Description: Describes the theoretical and empirical basis for i-theory, which embodies a hierarchical feedforward network model of processing in the ventral visual pathway of the primate brain, to support invariant object recognition.
Instructor: Tomaso Poggio
Lecture 9.1: Tomaso Poggio ...
The following content is provided under a Creative Commons license. Your support will help MIT OpenCourseWare continue to offer high quality educational resources for free. To make a donation or view additional materials from hundreds of MIT courses, visit MIT OpenCourseWare at ocw.mit.edu.
TOMASO POGGIO: So I'll speak about i-theory, visual cortex, deep learning networks. The background for this is this conceptual framework that we take as a guide to present work in vision in this center-- The idea that you have a phase in visual perception, essentially up to the first saccade-- say, 100 milliseconds from onset of an image-- in which most of the processing is feedforward in the visual cortex. And that top-down signals-- I hate the term feedback in this case, but back projections going from higher visual areas, like inferotemporal cortex, back to V2 and other cortical areas are not active in this first hundred milliseconds.
Now, all of this is a conjecture based on a number of data. So it has to be proven. For us it's just a motivation, a guide, to first studying feedforward processing in, as I said, the first 100 milliseconds or so.
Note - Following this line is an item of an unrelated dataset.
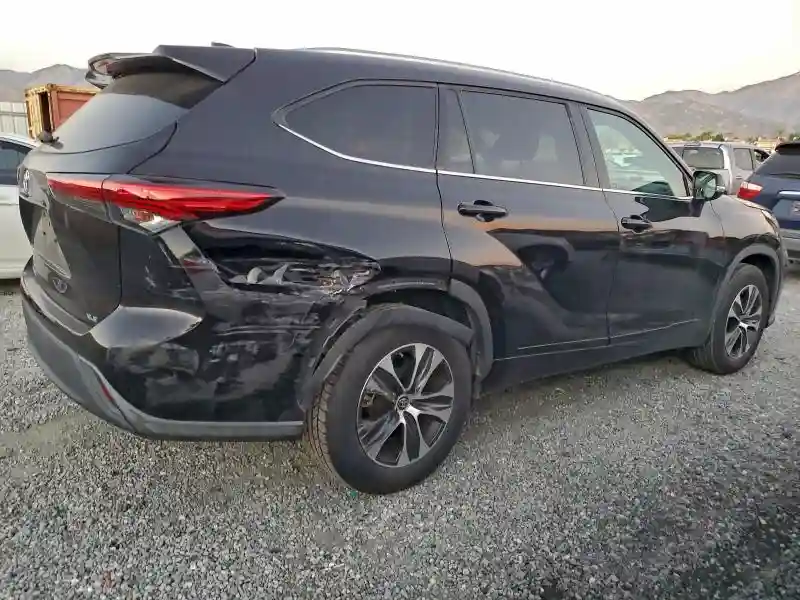 5TDHZRAH0MS039109 2021 TOYOTA HIGHLANDER-2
And to think that other types of theory, like generative models, probabilistic inference that you have heard about, visual routines you have heard kind of from Shimon, are important not so much in the first 100 milliseconds, but later on. Especially when feedback through back projection, but also through movements of the eyes that acquire new images depending on the first one you have seen, come into play.
OK. This is just to motivate feedforward. And of course, the evidence I refer to is evidence like-- you have heard from Jim DiCarlo, for the physiology there is quite a bit of data showing that neurons in IT become active and selective for what is in the image about 80 or 90 milliseconds after onset of the stimulus. And this basically implies that there are no big feedback loops from one area to another one. It takes 40 milliseconds to get to V1, and 10 milliseconds or so for each of the next areas.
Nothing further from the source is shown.